### WORK REQUEST
The data below is to be transcribed word for word; pictures are to be excluded.

*** MATERIAL PROVIDED ***

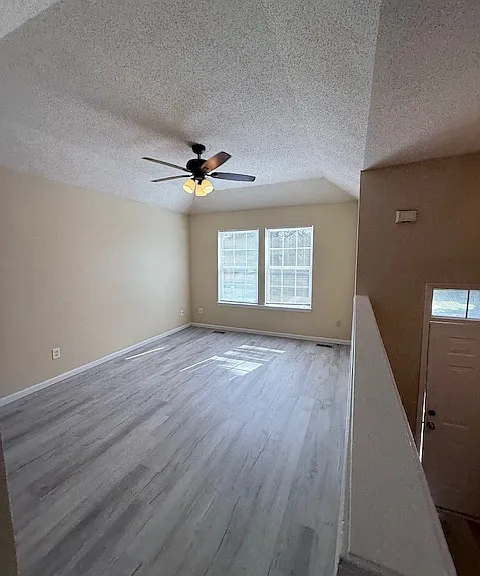 1024 N Cottage St — Photo 4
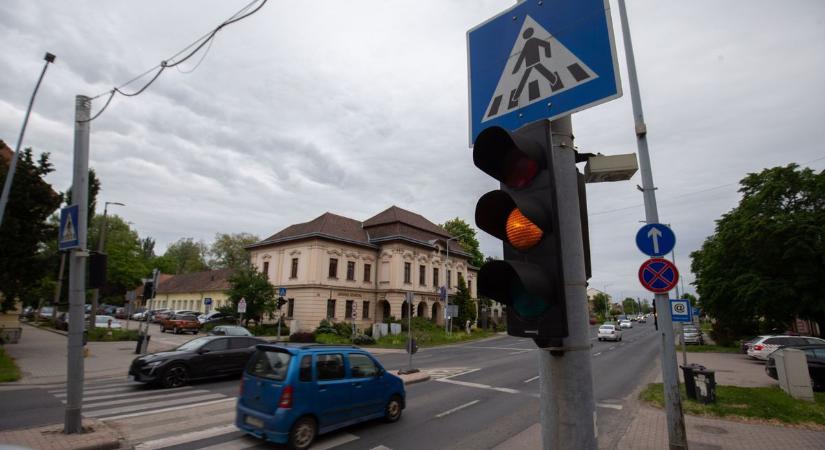 Új KRESZ: életmentő fogás hozhatna hatalmas változást az utakon, íme a mozdulat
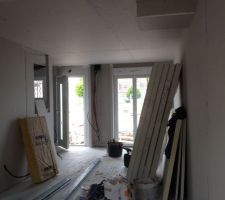Futur salon/entrée avec mur de séparation (rajouté à notre demande)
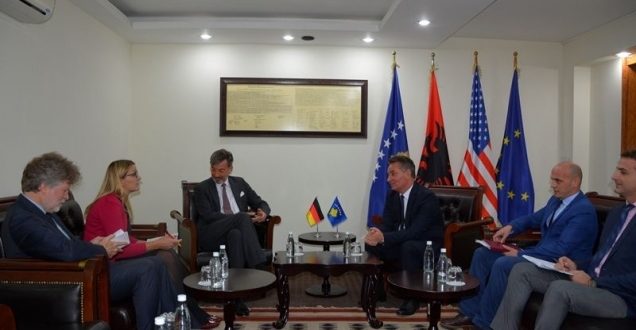 Ministri i Infrastrukturës, Pal Lekaj, priti ambasadorin gjerman në Kosovë, Christian Heldt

*** End of MATERIAL PROVIDED ***

### RESULT OF THE EXERCISE
 1024 N Cottage St — Photo 4
 Új KRESZ: életmentő fogás hozhatna hatalmas változást az utakon, íme a mozdulat
Futur salon/entrée avec mur de séparation (rajouté à notre demande)
 Ministri i Infrastrukturës, Pal Lekaj, priti ambasadorin gjerman në Kosovë, Christian Heldt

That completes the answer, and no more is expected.